In Part II of Creating Agile Work Environments, we discussed the 12 Principles of Agile and in examination of these themes, Real Strategy proposes that when it comes to planning an office layout, the following Key Characteristics should be present in the overall design.

  1. Purposeful Collaboration Spaces;
  2. Adaptable & Reconfigurable; and
  3. Nodes and Zones.

In Part III of Creating Agile Work Environments, let’s discuss the first characteristic: 

Purposeful Collaboration Spaces

In an Agile Work Environment, the team is mobile and daily tasks vary depending on issues raised during Daily Stand Up meetings or as necessary according to the Scrum Master or individual team members.  This makes the ability to come together in small groups for sharing ideas critical, but equally important is access to the technology and tools to support collaboration. 

  

These images show how easily tools and technology can be integrated into an open environment to provide the quick and easy ability for a team to bring their personal technology together and share ideas.  Ideally these environments should be located close to the employee’s primary place of work or they simply don’t get used.

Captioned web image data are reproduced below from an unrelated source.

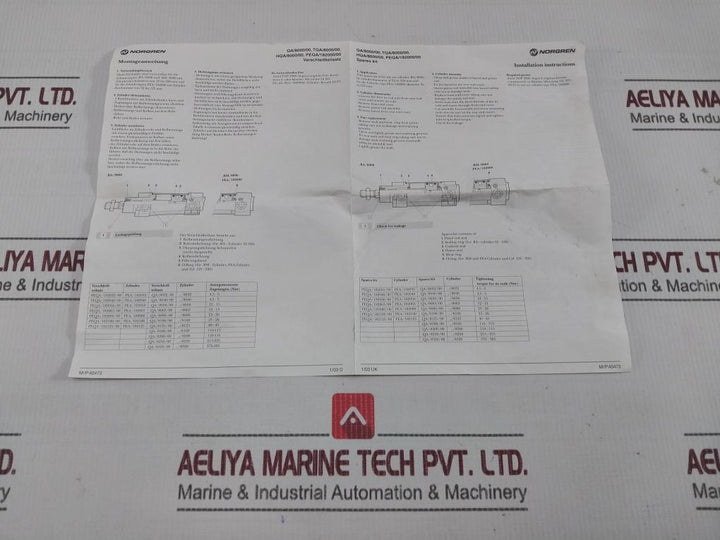 Norgren Tqa/8050A/00 Seal Kit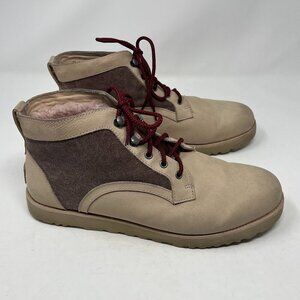 UGG Bethany suede booties 12 flat *missing original laces and size* quartz pink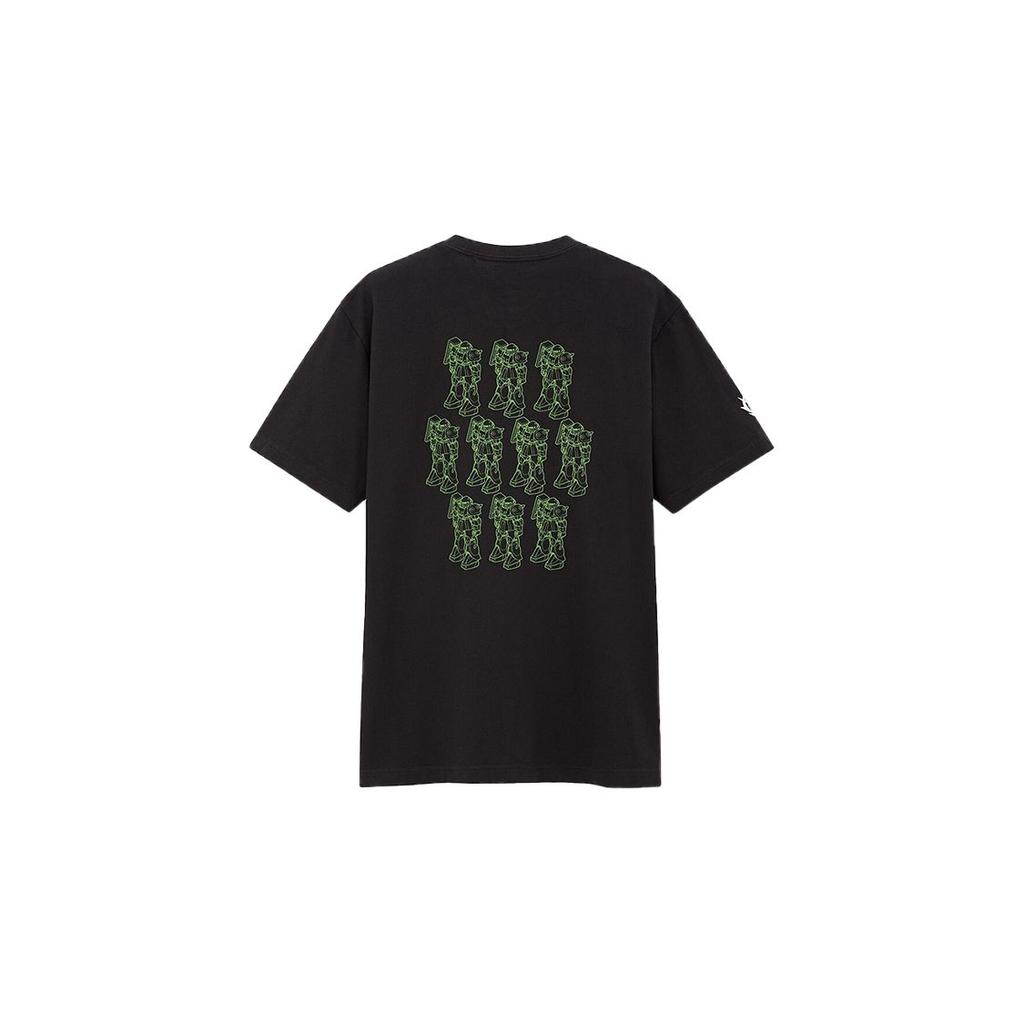 UNIQLO Gundam Model Print T-Shirt Unisex tops Black 427608-09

By now the furniture manufacturers offer so many various approaches as to how to best support collaboration that it can be overwhelming to try and wade through the options available to you.  A good approach is to think about how often your teams need to come together, how many people would be in the average meeting, how long do they meet, and what activities go on when they come together?   Will they need key board surfaces or not?  Will the noise they make disturb other teams?  Will they be sitting or standing or both?  Asking yourself some of these questions in advance will influence the locations and the outcomes of these environments.

Keep in mind when setting your construction budgets that additional technology spending may be required to make these places work.  Video conferencing tools, wireless access nodes, whiteboards, and additional power outlets are all essential to support an Agile team. 

When creating your space allocation program, Real Strategy recommends that these spaces be fully represented on the worksheet given equal weighting as you would to enclosed offices, meeting rooms, and workstations.